毎日新聞4月22日夕刊の4月の文芸時評
……昨年亡くなった室井光広の遺著『詩記列伝序説』(双子のライオン堂)と『多和田葉子ノート』(同)を読んでいると、その室井こそ古井由吉の「晩年の諸作」を「批評できる人」だったのではないかと思える。
松浦寿輝の追悼文の言い方では、それは「途方もない力量を備えた批評家」ということになるが、たとえば室井光広が『詩記列伝序説』で提示するのは、司馬遷の『史記』からはじまり、セルバンテスやキルケゴール、カフカや北村透谷などの文学作品を同列に論じられる、「世界劇場」という文学的な舞台だ。それは詩や小説というジャンルで辿られるのではなく、詩的な散文として柳田国男の作品まで広く含んで語られ、粕谷栄市のような現代詩人も参与している。
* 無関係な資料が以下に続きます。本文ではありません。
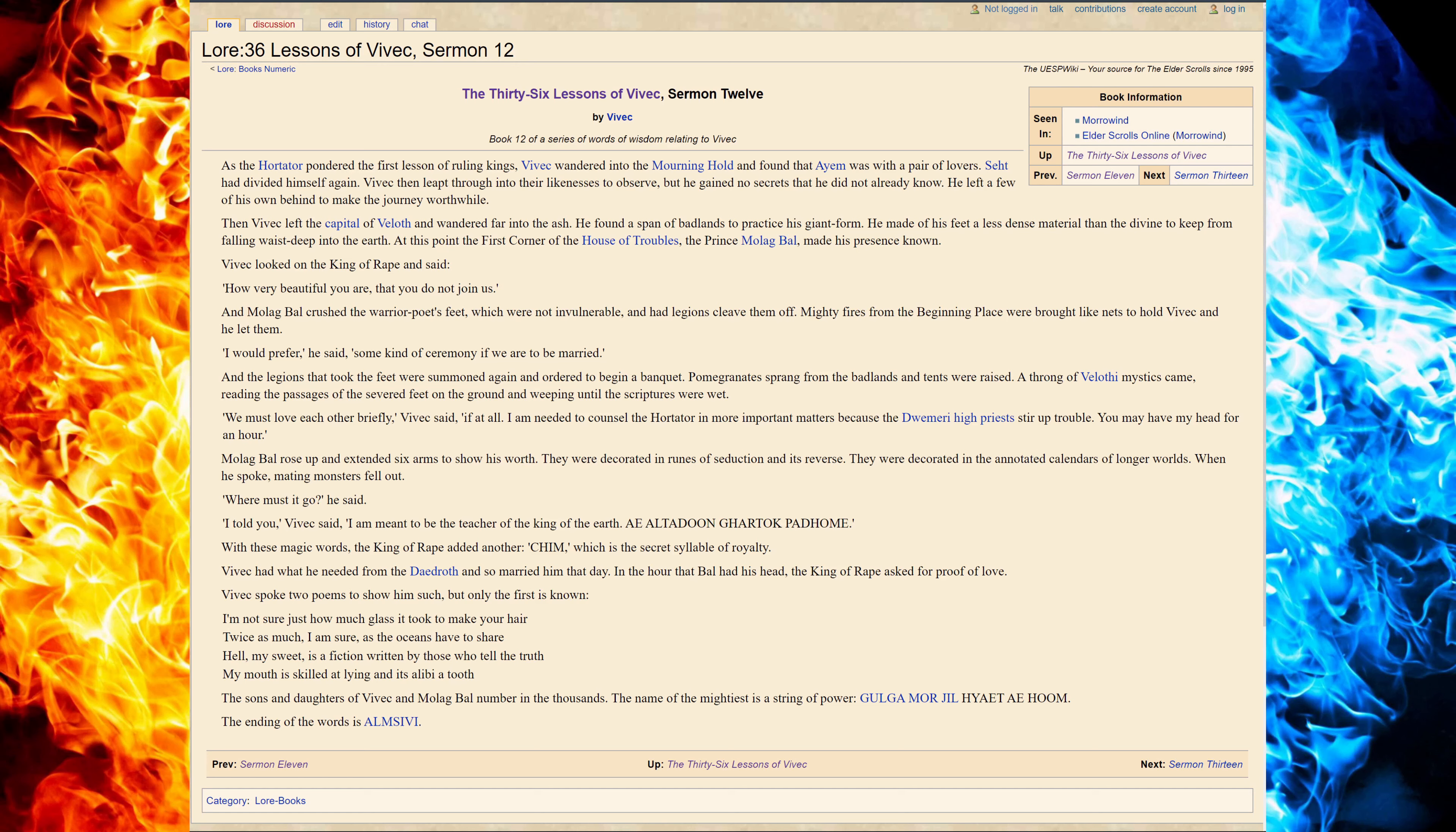Where must it go, he said. I told you, Vivec said. I am meant to be the teacher of the King of Earth. Ah, Al-Tadun Gah-Tok-Pathom.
そこでしばしば室井光広が依拠する先駆者は、二十世紀アルゼンチンの作家ボルヘスだが、その「世界劇場」の重要な登場人物でもあるボルヘスは「自分がすでに死んだ人間のような感じ」で書いていたという点で、古井由吉の親しい隣人である。一方の『多和田葉子ノート』は、その過去の偉大な文学者たちが織りなす「世界劇場」に所属する、同時代の例外的な「ディヒター(詩人・作家)」として多和田葉子について語っている。批評家を含め、これからの読者が受け継いでいきたい視点だ。